Много лет спустя прочёл у Эфроса:
«Особенно сильно Высоцкий репетировал третий акт, когда Лопахин сообщает, что купил вишневый сад. Никакого счастья от этого приобретения не было. Скорее, вынужденность, горечь, даже горе. От горя он переходил в ярость. В ярости бешено плясал, ломал что-то, его еле уводили. Высоцкий репетировал с таким трагическим накалом, на который в современном театре способен был только он. После одной из репетиций, когда я пришел домой, дверь мне открыл мой сын с глазами, полными ужаса. Я испугался, но сын сказал мне, что он только что с репетиции, во время которой видел Высоцкого. На спектакле к моменту монолога Лопахина за кулисами собирались многие, чтобы посмотреть и послушать».
* * *
Рыболовецкий сейнер наш в то далёкое лето болтался на штормящих широтах в Баренцевом море в районе Шпицбергена. И вот однажды ранним утром всклокоченный радист из коморки своей вышел, как в той песне – на палубу вышел, а палубы нет: радист был настолько встревожен, как будто он только что принял чей-то страшный «SOS» или узнал о пробоине в борту или в днище нашего сейнера.
-Высоцкий умер!
После вахты собрались, заначку достали и не чокаясь выпили за помин души и царствие небесное. Кто-то принёс гитару и матросы долго хрипели под Высоцкого:
Мы говорим не штормы, а шторма -
Слова выходят коротко и смачно!
Ветра, не ветры сводят нас с ума,
Из палуб выкорчёвывая мачты…
В начале октября 1980 года, покинув мурманский траловый флот, я возвращался домой, на Алтай, и на пару деньков решил тормознуться в белокаменной. Театр на Таганке был закрыт по каким-то причинам.
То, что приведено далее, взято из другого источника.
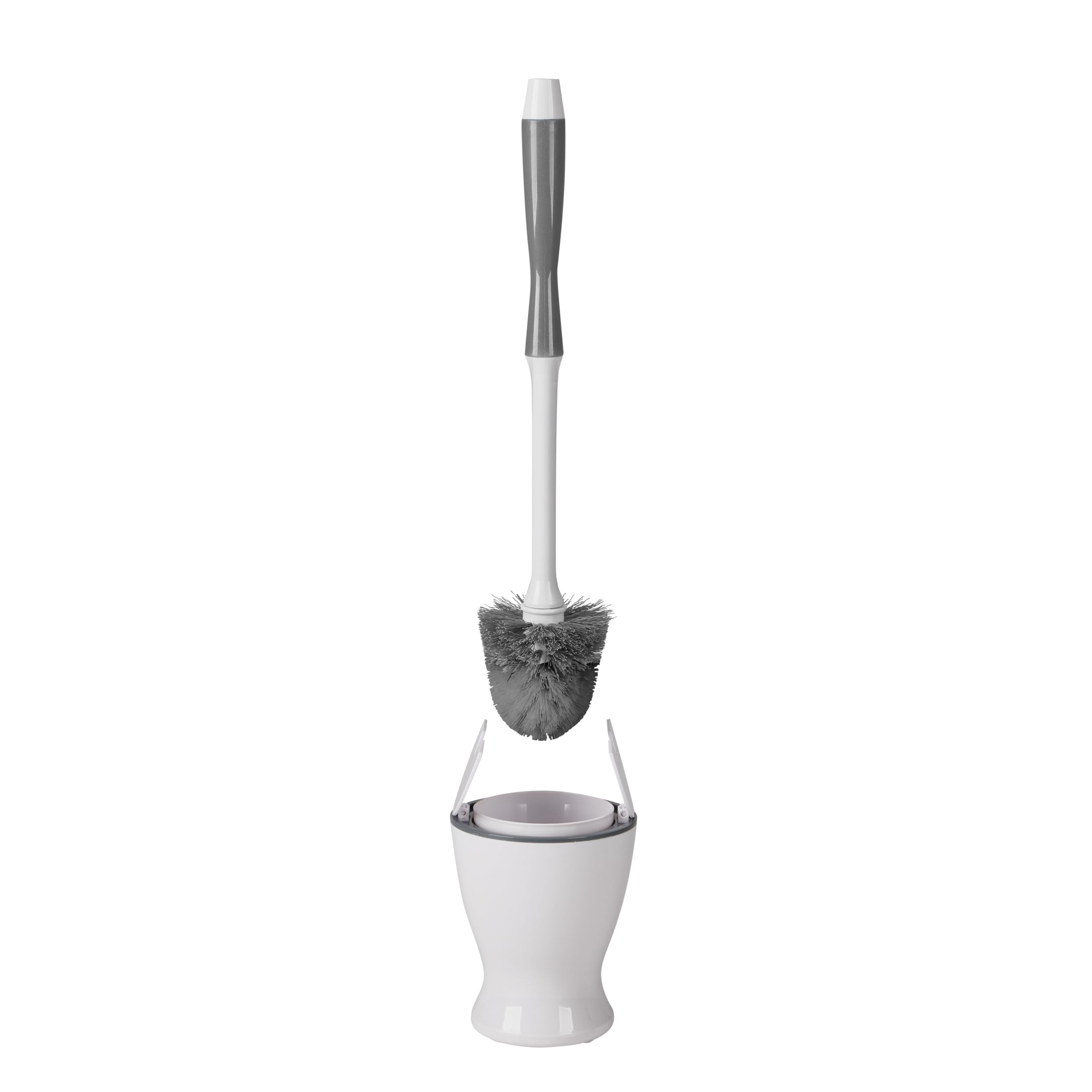 Bath Bliss Pop Up Toilet Brush Set | Compact Toilet Bowl Brush and Holder | Space Saving Bathroom Cleaning Scrubber | Hidden Storage Toilet Cleaner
Приехал на Ваганьковское кладбище, оплаканное осенним тихим дождиком, усыпанное золотыми пятаками сырого листаря.
Свежая могила Высоцкого напоминала курган неувядающих цветов – несли и несли к ногам спелёнутого, связанного памятника.
Потом пошёл к Есенину: у него как раз был день рожденья – 3 октября. Возле могилы Есенина, как всегда в этот день, кучковались многочисленные поклонники. Попивали водочку, вино, читали стихи; под гармошку и под гитарёху пели протяжные песни, ставшие народными.
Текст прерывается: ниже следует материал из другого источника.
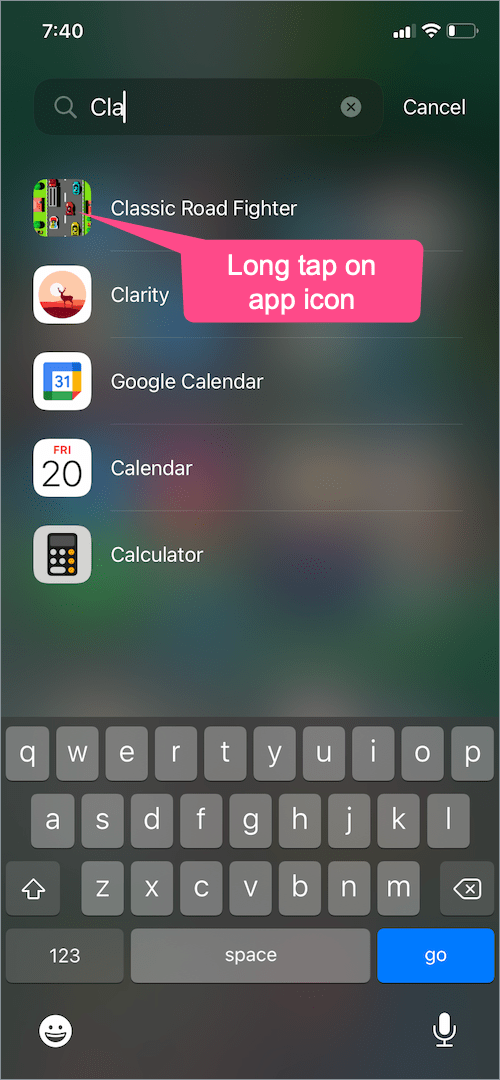 search for an app in the App Library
Над окошком месяц, под окошком ветер,
Облетевший тополь серебрист и светел,
Дальний плач тальянки, голос одинокий,
И такой родимый, и такой далёкий…
А потом кто-то неожиданно врубил магнитофон и в первые секунды, когда ещё не понял, что к чему – морозом дерануло до костей.
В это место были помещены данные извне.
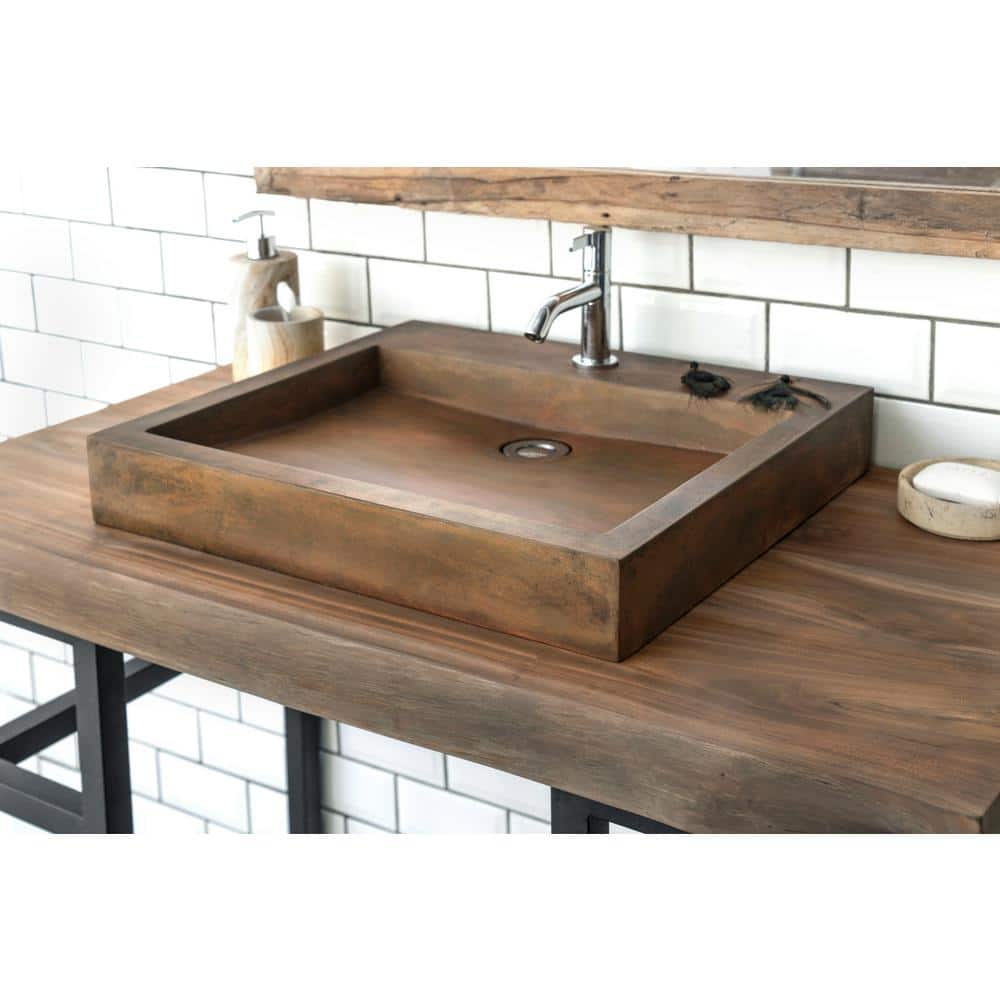 Vintage Brown Rectangular Concrete Vessel Sink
Высоцкий загремел. А поскольку динамики на деревьях висели – он загремел как будто из поднебесья. Он кричал надрывно, он кричал истошно – так может кричать смертельно раненый, пикирующий бомбардировщик:
Сумасшедшая, бешеная кровавая муть!
Что ты? Смерть? Иль исцеленье калекам?
Проведите, проведите меня к нему!
Я хочу видеть этого человека!..
Покидая Ваганьковское, снова ненадолго задержался у памятника связанного, будто бы спелёнутого поэта. Хорошо ли, верно ли его изобразили? Думаю, что нет, и укрепляюсь в этом год от года. Другого человека, более свободного душою, чем Высоцкий, трудно было в то время найти даже с фонарём средь бела дня.
Изначально хотели на могиле его поставить осколок настоящего метеорита. Вот это было бы верно. Высоцкий по сути своей и по мощности – метеорит, случайно залетевший погостить на Землю.